Google Android VP Hugo Bara strongly believes that Android Still Lacks of Quality Android Apps and High End Tablets rather than low cost Nexus7 : The situation of Android tablets is improving fast, but there’s still a lot of work to be done for Google and its hardware partners. That’s the gist of a conversation that folks at The Verge had with Hugo Barra, the VP of Product Management for Android.

When talking about the problems that beset the Google-powered tablets (70 million have been activated at the last official count), Barra acknowledged that the situation with apps is still not perfect, though it improved dramatically in the last year or so:

The absolute position that we're in is one where well over 60 percent of the apps that you'd expect in a given category are already available with a decent tablet UI.

Google Android VP : Android Still Lacks of Quality Android Apps and High End Tablets rather than low cost  Nexus7


Over the past year or so, Google launched several initiatives to encourage developers to create tablet-optimized applications including a dedicated section for tablet apps in the Play Store and design guidelines for creating good Android tablet apps.
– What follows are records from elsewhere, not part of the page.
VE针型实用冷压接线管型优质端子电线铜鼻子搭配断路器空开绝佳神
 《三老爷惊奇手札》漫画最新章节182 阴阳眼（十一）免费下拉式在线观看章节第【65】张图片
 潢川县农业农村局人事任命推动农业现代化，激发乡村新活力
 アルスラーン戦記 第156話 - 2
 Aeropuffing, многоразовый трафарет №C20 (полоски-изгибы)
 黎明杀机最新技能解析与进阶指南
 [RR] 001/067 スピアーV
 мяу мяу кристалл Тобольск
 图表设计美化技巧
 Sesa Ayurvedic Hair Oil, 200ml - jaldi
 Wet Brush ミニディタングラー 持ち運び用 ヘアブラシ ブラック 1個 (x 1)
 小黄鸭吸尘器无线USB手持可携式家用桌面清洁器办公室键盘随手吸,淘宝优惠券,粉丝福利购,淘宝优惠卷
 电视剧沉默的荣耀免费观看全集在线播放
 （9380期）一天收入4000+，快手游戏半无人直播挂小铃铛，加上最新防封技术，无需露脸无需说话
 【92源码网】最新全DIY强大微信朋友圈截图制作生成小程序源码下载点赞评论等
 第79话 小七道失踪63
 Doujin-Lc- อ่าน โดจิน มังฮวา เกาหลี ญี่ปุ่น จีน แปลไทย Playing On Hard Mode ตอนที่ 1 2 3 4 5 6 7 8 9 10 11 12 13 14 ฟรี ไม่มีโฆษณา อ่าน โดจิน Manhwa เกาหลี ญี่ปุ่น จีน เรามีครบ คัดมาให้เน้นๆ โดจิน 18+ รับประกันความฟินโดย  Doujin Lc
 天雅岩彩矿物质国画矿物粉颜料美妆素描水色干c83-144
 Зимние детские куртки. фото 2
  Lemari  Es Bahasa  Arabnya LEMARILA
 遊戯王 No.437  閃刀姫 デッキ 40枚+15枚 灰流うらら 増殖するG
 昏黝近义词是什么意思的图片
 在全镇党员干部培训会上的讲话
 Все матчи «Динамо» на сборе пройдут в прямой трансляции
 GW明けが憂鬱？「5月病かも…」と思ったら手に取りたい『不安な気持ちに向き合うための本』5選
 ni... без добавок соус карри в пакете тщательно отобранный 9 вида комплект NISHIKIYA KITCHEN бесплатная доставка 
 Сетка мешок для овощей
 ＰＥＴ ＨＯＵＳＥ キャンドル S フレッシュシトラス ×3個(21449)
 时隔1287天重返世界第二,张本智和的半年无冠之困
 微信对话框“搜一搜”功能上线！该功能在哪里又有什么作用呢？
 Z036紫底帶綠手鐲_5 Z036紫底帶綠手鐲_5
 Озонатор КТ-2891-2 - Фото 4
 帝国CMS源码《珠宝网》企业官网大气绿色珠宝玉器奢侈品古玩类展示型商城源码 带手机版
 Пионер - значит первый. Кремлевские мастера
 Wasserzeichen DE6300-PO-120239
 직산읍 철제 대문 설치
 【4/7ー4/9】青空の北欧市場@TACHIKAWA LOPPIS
Another major area where the Android camp needs to step up its game is hardware, design, and build quality. Hugo Barra wants to see an Android tablet that is as “pristine” as HTC’s much lauded One smartphone:

If you look at the execution that HTC did on the One smartphone, it's pristine, {...} Why hasn't someone done that on the tablet? Or on like ten tablets?

The Android director goes on to offer one possible reason behind the dearth of HTC One-quality Android tablets – price. When designing the Nexus 7, Google and Asus were limited by the need to keep its price around $200. Barra argues that manufacturers could offer a pristine Android tablet in the $300-$400 price range:

I think we are perhaps coming close to it, but this is a $200 device, {…} If you were to price it at $300 or $400 you could do something a little bit more in that territory in terms of polish and finish and materials and so on. Why hasn't that happened yet?

The Google executive even seems to allude that such a high-quality Android tablet in the $300-$400 price range will be coming in the future, and that, while the Android ecosystem has been “lagging behind a little bit”, the situation is improving. It’s hard to tell if Hugo Barra was referring to the new Nexus 10 that Android chief Sundar Pichai recently talked about, or a totally new product.

The perspective of a Nexus 7-like user experience in a more polished (and more expensive) package is surely intriguing. On the other hand, lest we forget that the low price allowed the original Nexus 7 and many other Android tablets to steal market share from the iPad.

Would you buy a “high-end Nexus 7” for, say, $350?